The eleven points of error raised by Worden are as follows:

1. Was Tri-State negligent in failing to settle the Shufelberger action under the evidence presented herein?

2. Error of the Court in submitting the issue of contributory negligence of Worden to the jury under the facts of this case.

3. May Tri-State absolve itself of liability herein by showing it acted upon the advice of attorneys?

4. Error of the Court in admitting expert testimony herein regarding the matter of settling or trying the Shufelberger case.

5. Error of the Court in requiring entire documents to be put in evidence when only a part of each was offered by Worden.

6. Error of the Court in letting in evidence all of the records and files of the Shufelberger case.

7. Error of the Court in stating in the presence of the jury that the testimony of the trial judge in the Shufelberger case about overhearing an offer of settlement was pure hearsay, and error of the Court in allowing said trial judge on cross examination to testify relative to statements of record made by him during the trial of the Shufelberger case.

8. Error of the Court in failing to grant summary judgment.

9. Error of the Court in instructing the jury that an insurer can rely on statements given it by its insured and that everyone has the duty to tell the truth.

10. Error of the Court in refusing to submit the "Determined Facts" agreed upon by the parties during preparation herein to the jury with the Court's instructions, and error of the Court in treating said "Determined Facts" the same as other evidence in this case.

11. Error of the Court in not submitting to the jury the issue of punitive damages.

The Court will now treat with each of the eleven alleged errors asserted by Worden.

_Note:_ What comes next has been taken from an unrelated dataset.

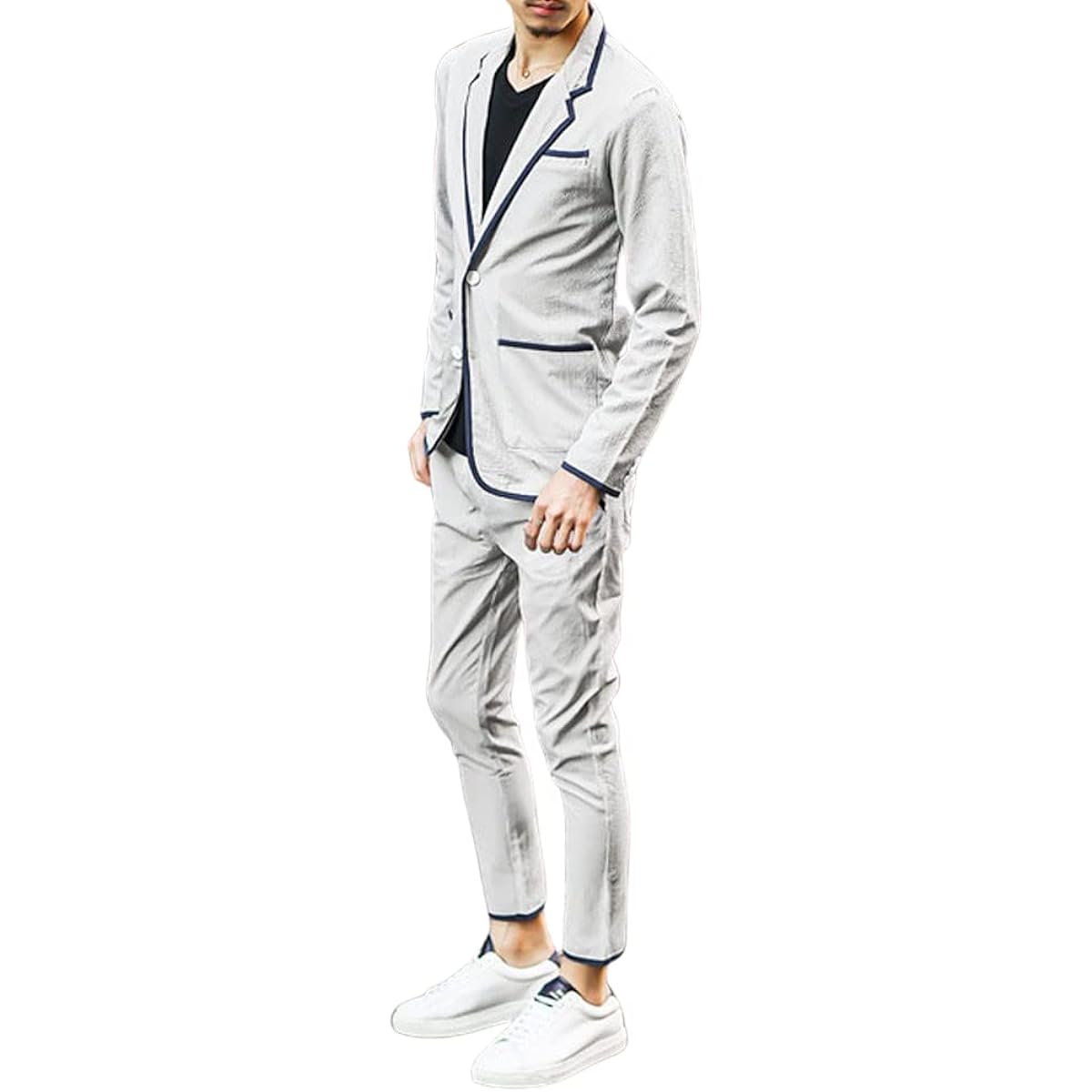 [Samdif] Seersucker Jacket Setup for Men [Summer Material Top and Bottom Set] Summer Jacket & Summer Ankle Pants Business Casual Striped Pattern Summer Clothes Lightweight Material Stretch Clean Feel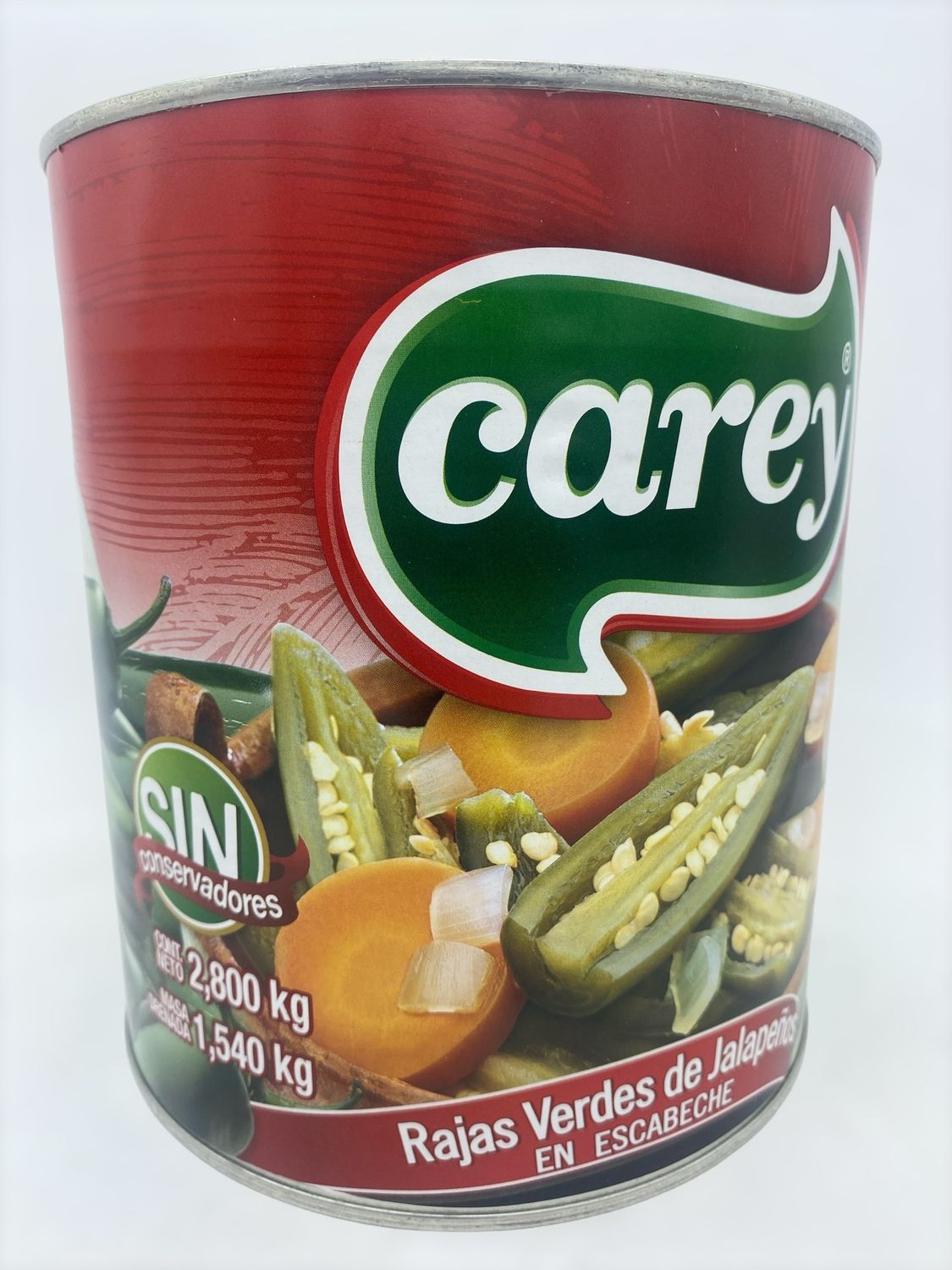 Rajas Verdes de Jalapeños Carey 2.8 Kg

The first point is difficult to comprehend in the form in which the same has been presented as error, but it is believed that the answer to the point would be whether or not the trial court properly instructed the jury on the applicable law of this case, and if the verdict of the jury is fairly supported by competent evidence. The jury has answered this point adversely to Worden. The jury found Tri-State to be not guilty of negligence in its failure to settle or compromise the Shufelberger claim. An examination of the Court's instructions reveals that the Court properly stated the applicable law with reference to an action of this type following the case of Bennett v. Conrady, 180 Kan. 485, 305 P.2d 823. It does not appear that Worden has voiced any objection to the applicable law of Kansas regarding an action of this type as instructed on herein by the Court. An examination of the entire record discloses that the evidence presented by both sides required the Court to submit the case under proper instructions to the jury and the verdict of the jury appears to be fairly supported by competent evidence. Thus the jury has ruled on this point adversely to Worden under proper instructions, the jury verdict being supported by competent evidence. No error can therefore be found in connection with this point.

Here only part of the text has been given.